Why did that strike me as so unusual, you ask?
Well, it’s just that Michelle Wie, a Korean-American who plays what has become a decidedly American womens sport now dominated by Koreans was advertising for a Korean brand made from Korean parts assembled in America.
Whether you can follow all of that or not, it doesn’t matter. What does matter is the continual melding of what used to be disparate companies and nations into a truly global economy.
We see it every day on the television, online and in print. Many times, the brands don’t even make it apparent where they’re based, and we don’t take the time to look behind the scenes.

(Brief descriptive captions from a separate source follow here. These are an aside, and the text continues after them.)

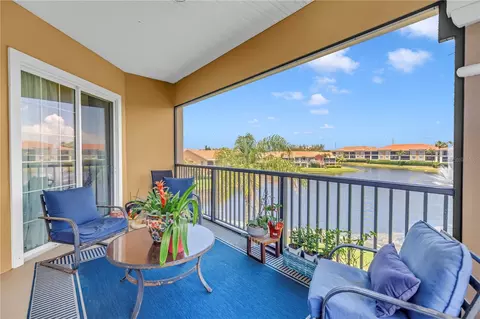 10 Franklin Ct S #63D, Saint Petersburg, FL 33711
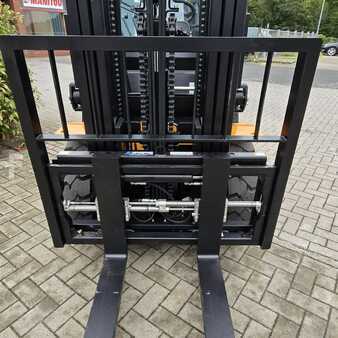 Sähkö - 4 pyör 2025  HC (Hangcha) CPD30-XEY2HA-SI (4)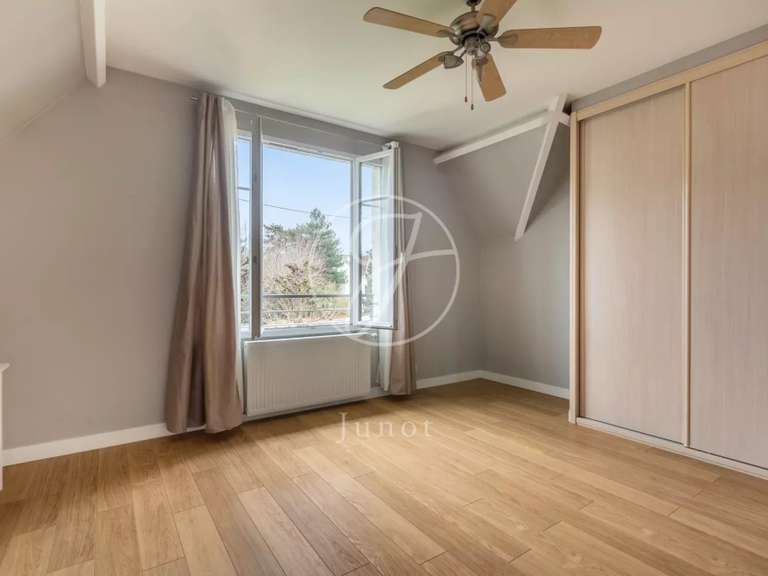 Maison Le Vésinet - 5 chambres - 267m²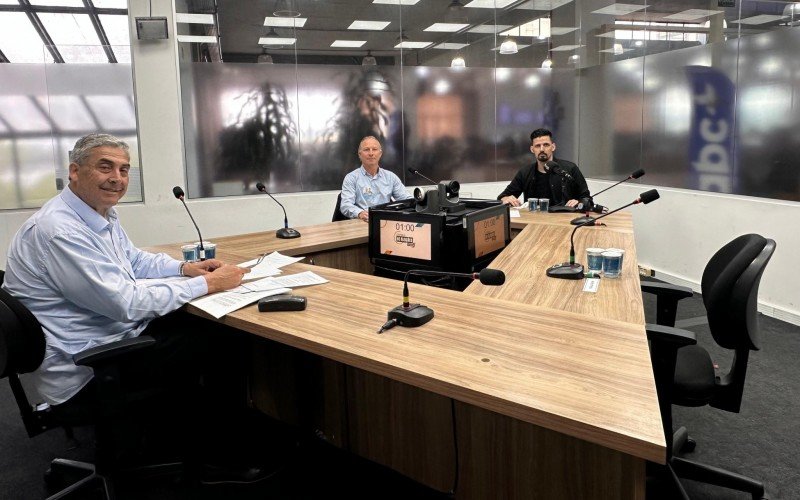 Participam os candidatos Giovani Feltes (MDB) e Victor Souza (PCdoB). Faisal Karam (Republicanos) optou por não participar | abc+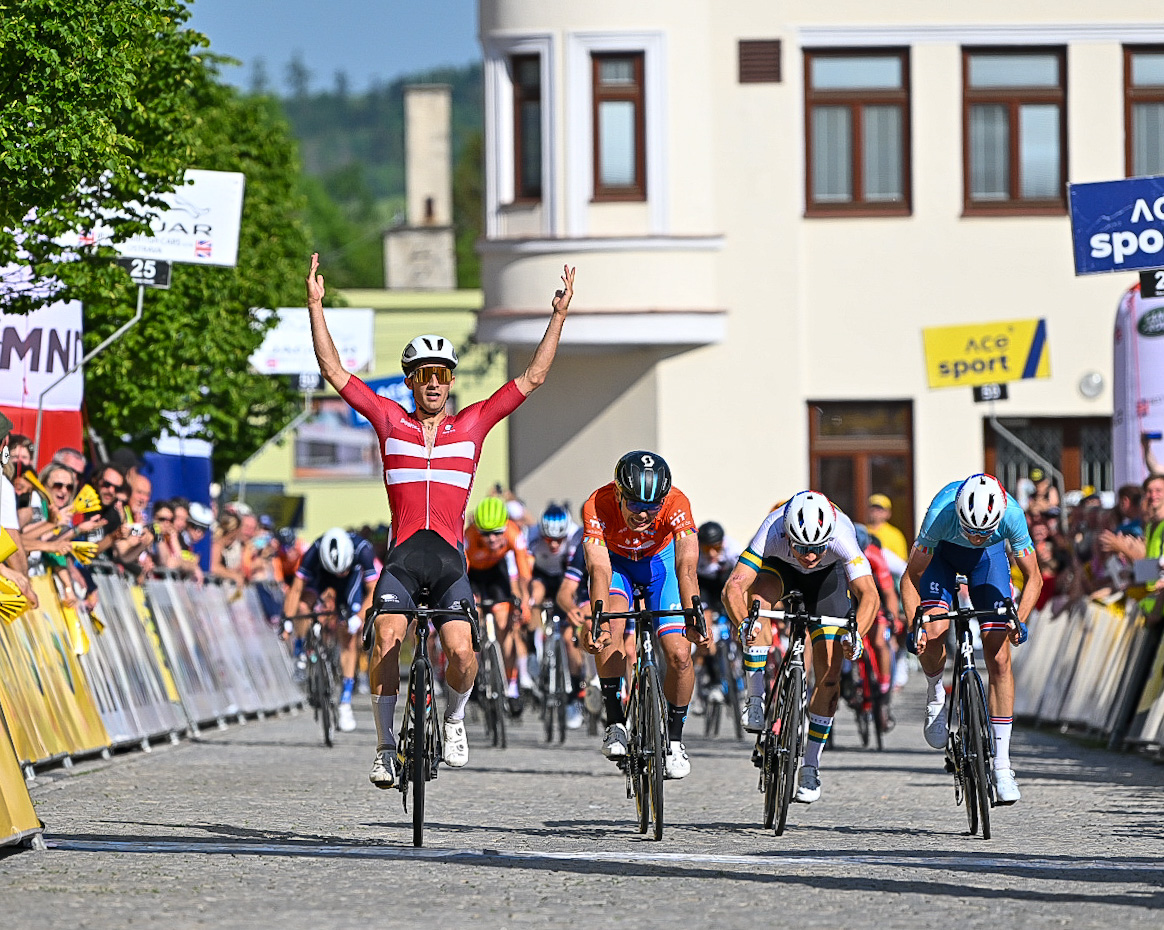 Kolze Changizi vence etapa 1 da Course de la Paix Sub23, mas Pavel Bittner é o novo líder!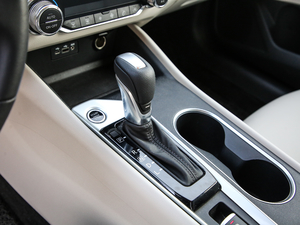 20192.0L XL Upper а QU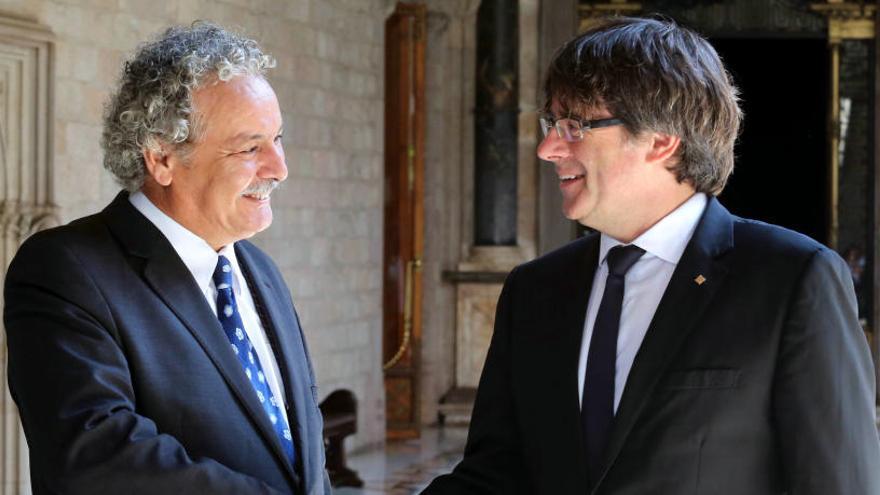 Carles Puigdemont amb el Premi Nobel de la Pau Ahmed Galai.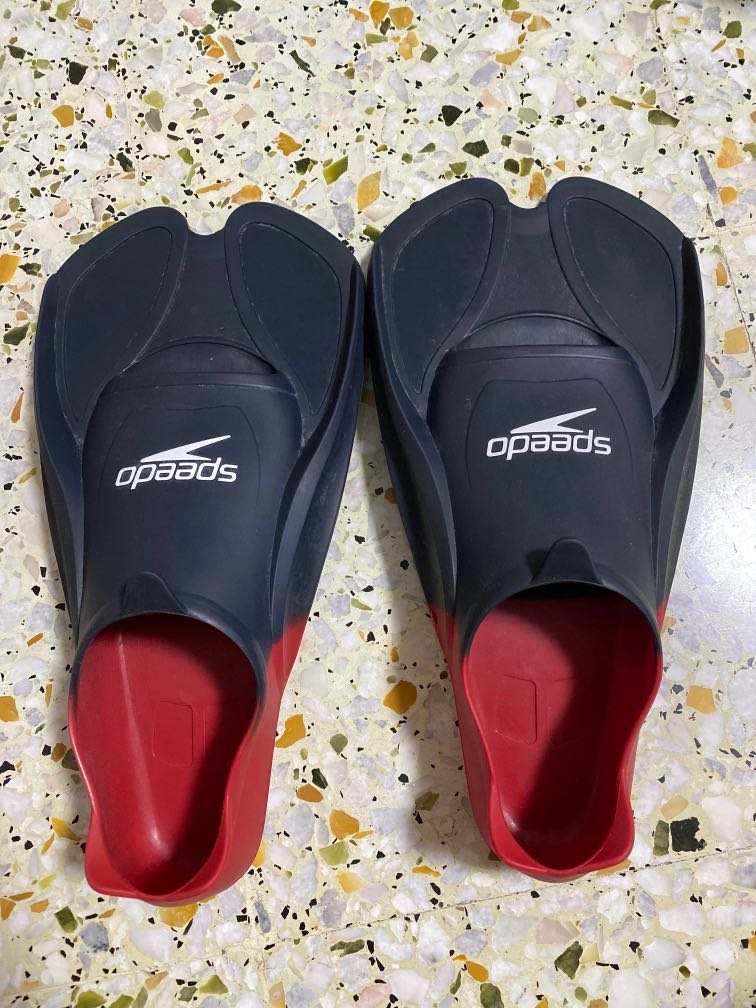 Speedo Flipper, Sports Equipment, Sports & Games, Water Sports on Carousell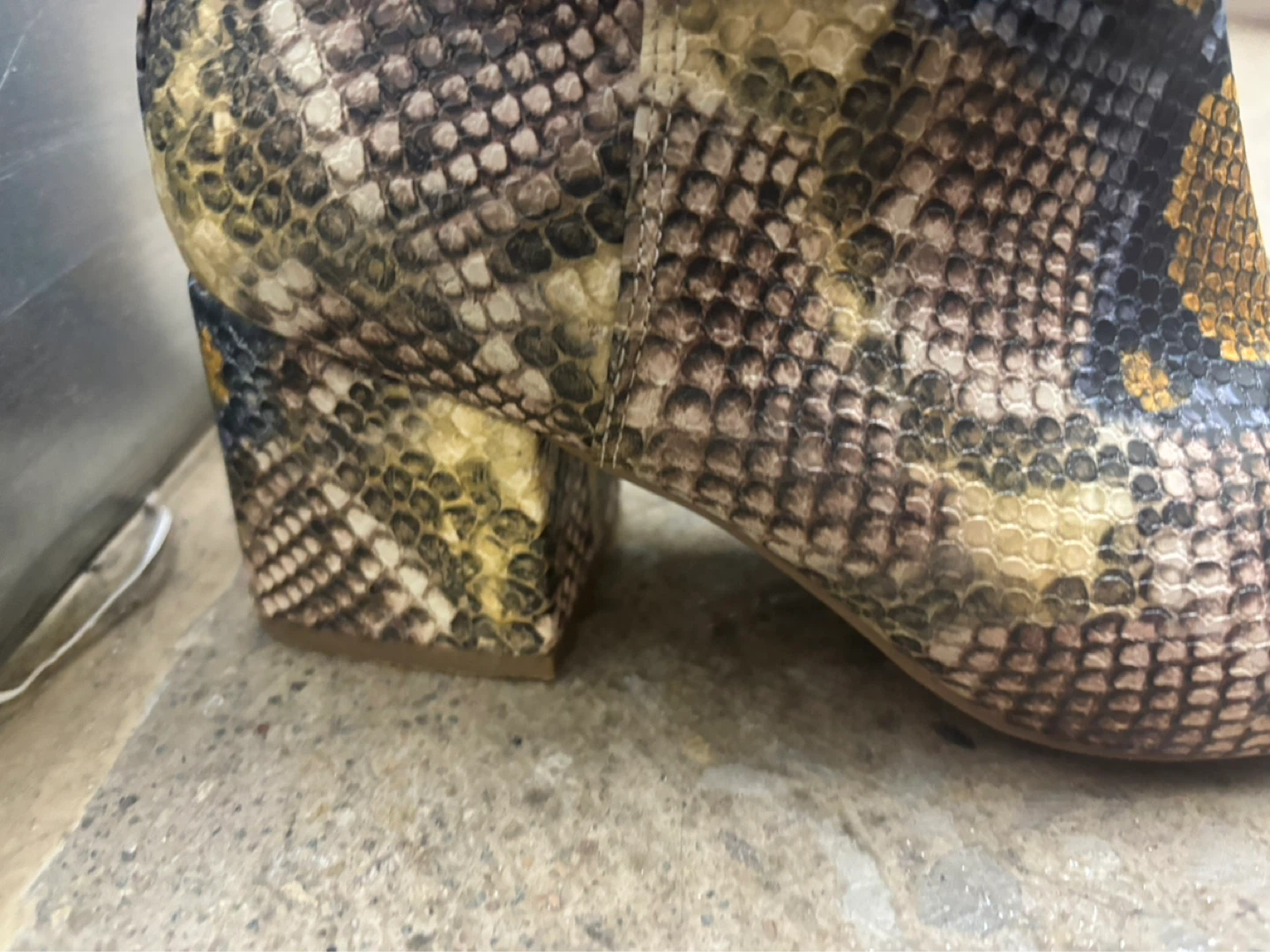 Women’s snake print boots sz 7 - photo 3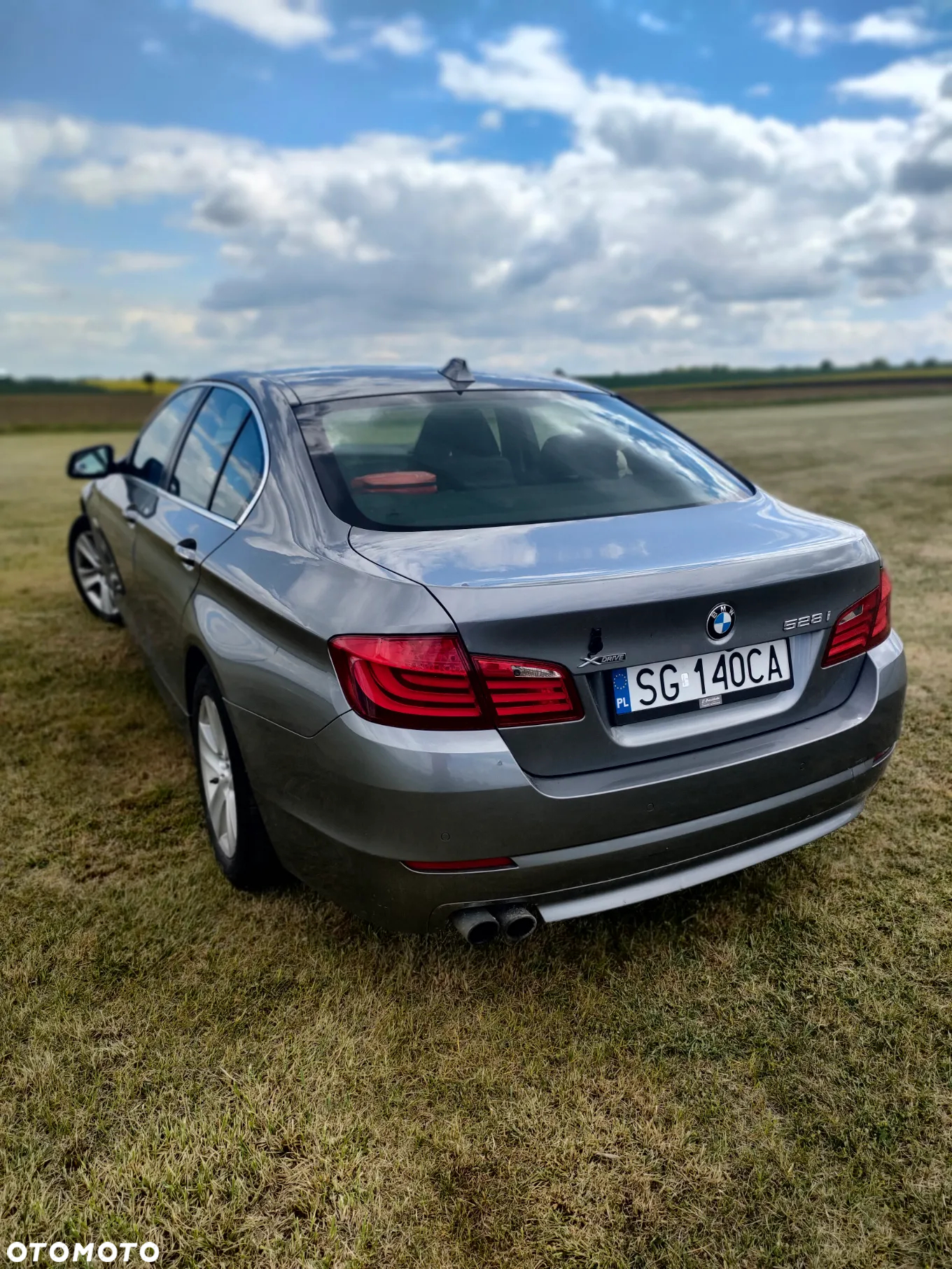 BMW Seria 5 528i xDrive - 14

But that doesn’t matter, either. The point is, that barriers are coming down. Through technology, more rapid access to information and the blurring and blending of cultural lines, it doesn’t even necessarily mean a whole lot whether a Volkswagen is German or a Chrysler is American. In fact, they are as much Canadian and Italian, respectfully.
National labels are meant for food and beverages. Give me a Gruyere cheese. That’s fine. Other than that, brand nationalism is for a bygone era.
If brands like Kia can start making a name for themselves based on quality and the personification of a winner like Michelle Wie, then doesn’t it make more sense to build your small business brand on characteristics, rather than country lines?